New Minimum Wage for Seafarers Legislation
The UK Government continues to move forward with a new piece of legislation that will require certain sectors of the shipping industry to pay seafarers the equivalent of the National Minimum Wage. Described as a 'political response' to the mass sacking of P&O Ferries crews in March, the draft legislation is being criticised by the shipping industry, which believes that the new law could have negative impacts on port operations and commercial shipping.
The draft legislation is entitled 'The Seafarers' Wages Bill' and was announced in the Queen's Speech in May before receiving its first reading in the House of Lords on the 6th of July. The bill focuses on services and vessels that call in at UK ports in excess of 120 times each year or at least every 72 hours. Any vessel that meets these criteria will be subject to the National Minimum Wage requirements set out in the bill. It is at yet unclear if the bill will cover vessels like commercial fishing boats that operate from the UK.

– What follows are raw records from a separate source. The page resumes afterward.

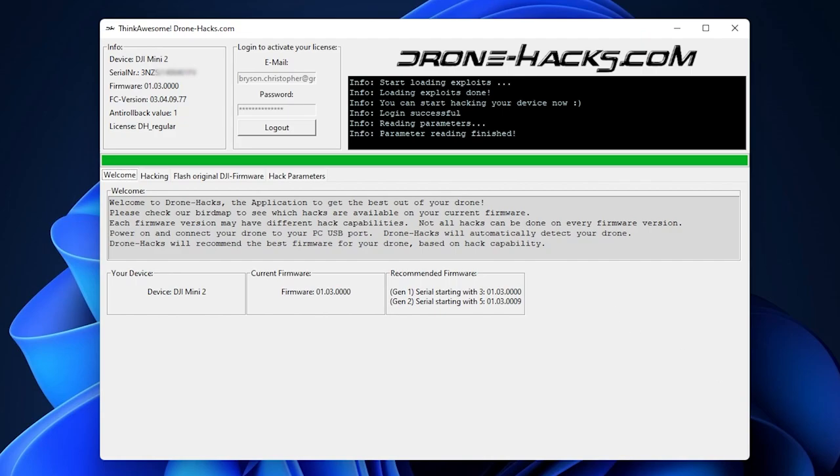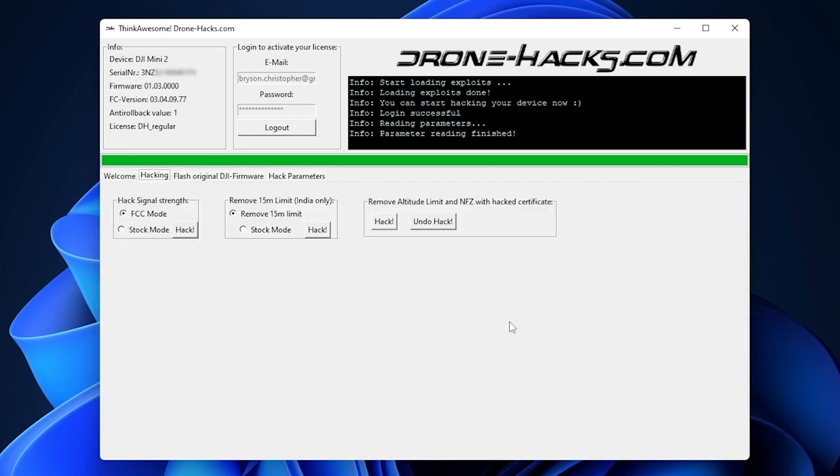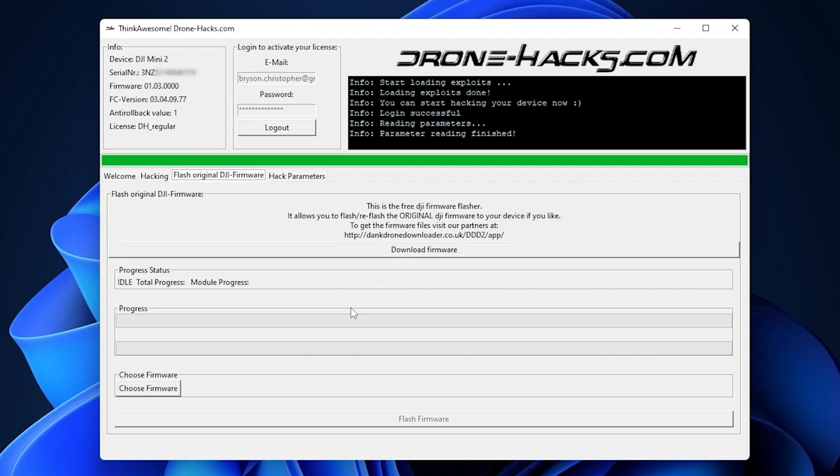The recommended firmware for my drone — serial starting with 3 — is version 1.03.0000. For drones starting with 5, they recommend a slightly later firmware. In the hacking tab, you can apply the hacks: there's FCC mode which boosts the signal to those levels, an option to remove the height limit, and the one I was most interested in — no-fly zone removal. You press 'hack' and it makes those changes, which I've already applied to my drone.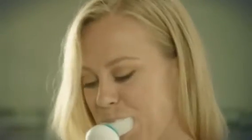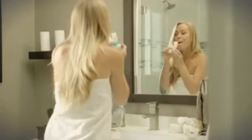Introducing Armabrush, a revolution in just 10 seconds. Armabrush was designed to make your toothbrush experience more efficient. It's super easy to handle.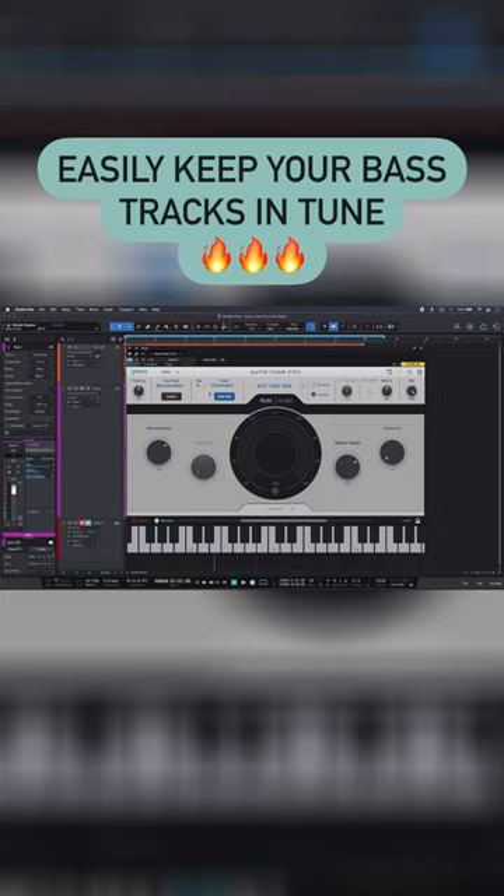I've got a comparatively fast retune speed as well, and if I slow that down, then bring it in, you can really hear the difference.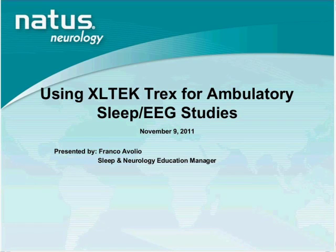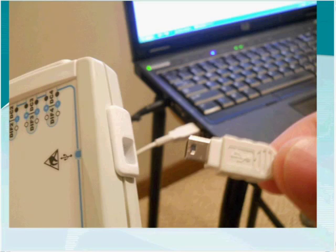This session is not designed to teach you how to use SleepWorks or Neuroworks software, but to introduce you to the features and functionality of using a Trex Amplifier with those software packages. I want to begin by introducing you to a few aspects about the Trex Amplifier, and then I will take you through a demonstration. Right now I'm wearing two respiratory belts and will be putting on an airflow sensor shortly.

Describing the bill, a government spokesperson said that it would close the loopholes that allow seafarers working on vessels serving UK ports to be paid less than the National Minimum Wage. The spokesperson added that implementation of the bill into law would put the UK 'ahead of every EU state in its pay protection'.
If passed into law, the bill will allow port authorities to deny access to any service that calls regularly at a UK port and does not pay its crew members the National Minimum Wage for the time they have spent in the UK's waters. Robert Courts, the UK's Maritime Minister, pointed out that the draft was only presented to the House of Lords after 'extensive consultation' with the shipping industry.
Mark Dickinson, the General Secretary of Nautilus International, recognised the government's 'good intentions' but said that the new legislation, in its current form, would not put an end to seafarers being exploited while in UK waters. He added that vessel operators could avoid paying the National Minimum Wage to seafarers by 'port hopping'.
Nautilus has called for 'significant amendments' to the proposed legislation and has highlighted its own 'Fair Ferries Strategy' which gives the ability to sanction offending operators, sets out new penalties for 'fire and rehire' practices and expands collective bargaining.
The current draft of the new bill would mean that the oversight for compliance would be divided between the Maritime and Coastguard Agency, the Department for Transportation and UK ports. The British Ports Association has strongly criticised the bill, predicting that it would 'hurt their operations'; instead the association believes that the sole authority for enforcement should be government agencies.